__The problem__. Could you repeat the data word for word while skipping the pictures?

__Stored data__.
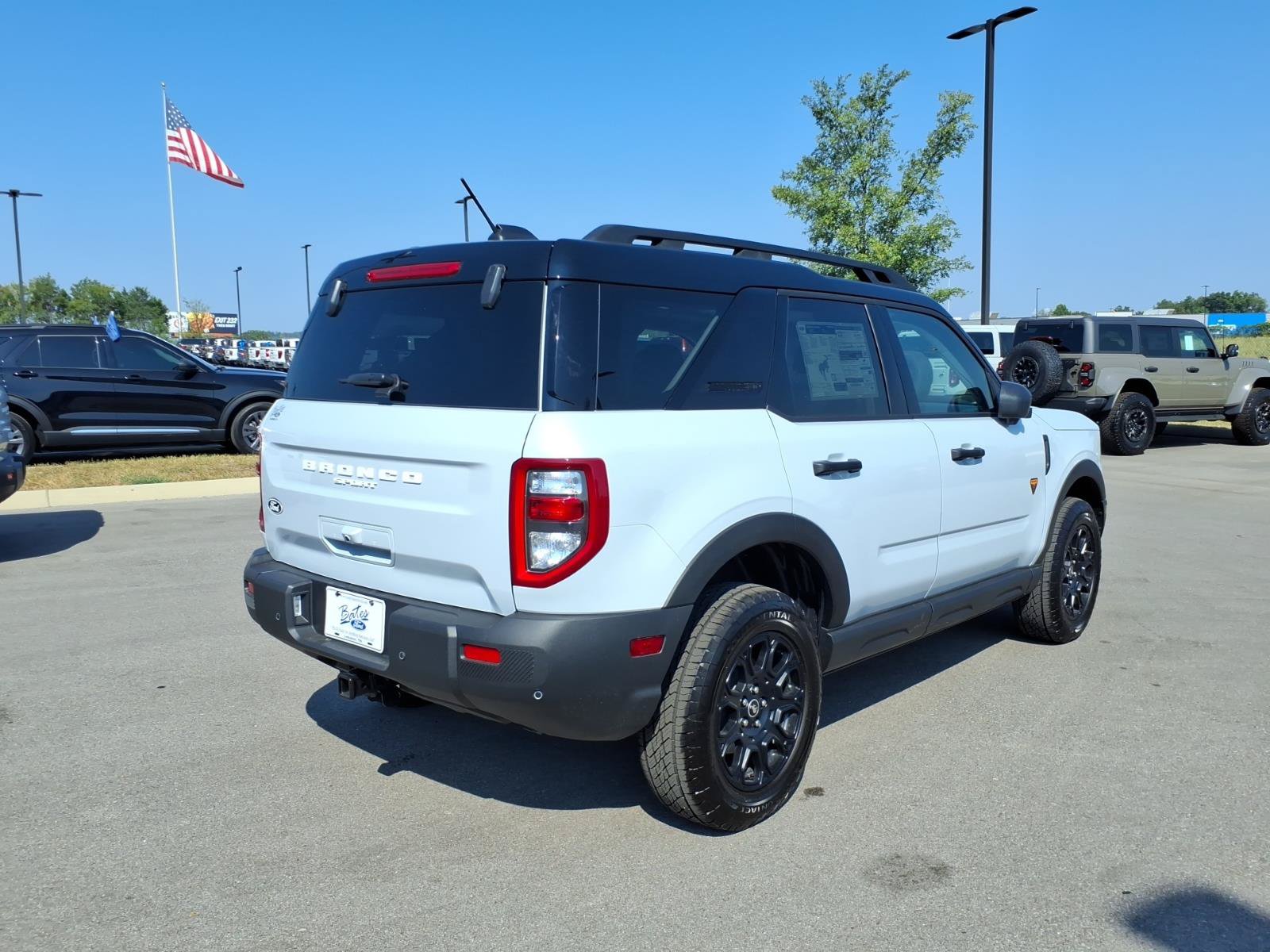 New 2026 Ford Bronco Sport Badlands w/ Badlands Tech Package AWD/4WD image 3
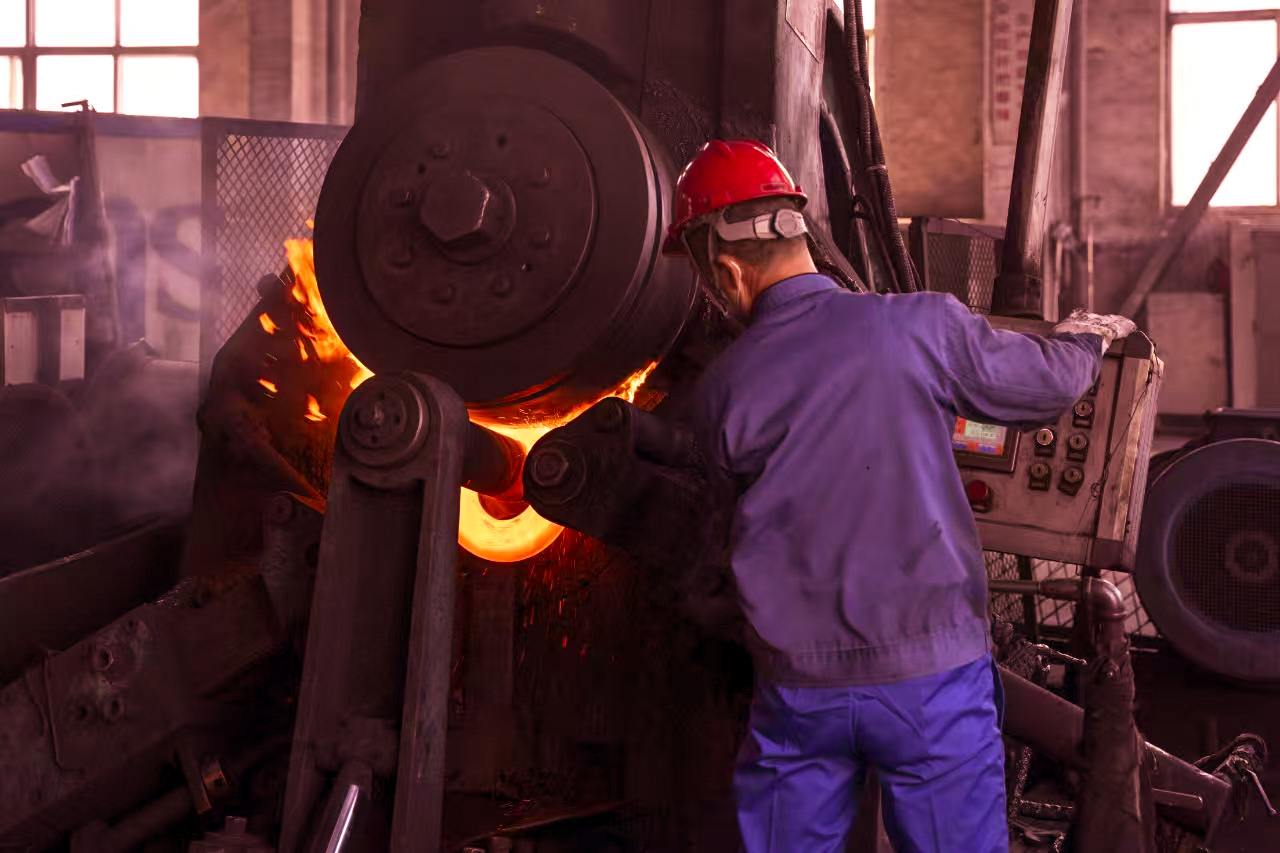 工人操作重型机械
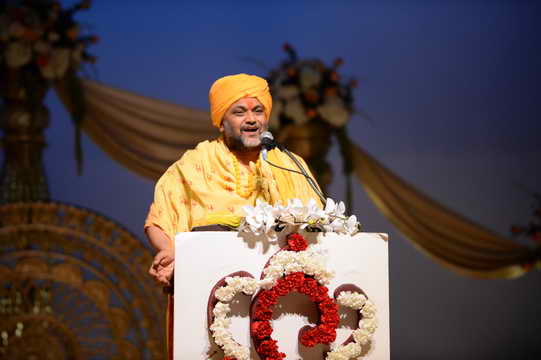Gurudev-10-4-15-7823-DDeRosaPhoto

__Reply to the task__.
 New 2026 Ford Bronco Sport Badlands w/ Badlands Tech Package AWD/4WD image 3
 工人操作重型机械
Gurudev-10-4-15-7823-DDeRosaPhoto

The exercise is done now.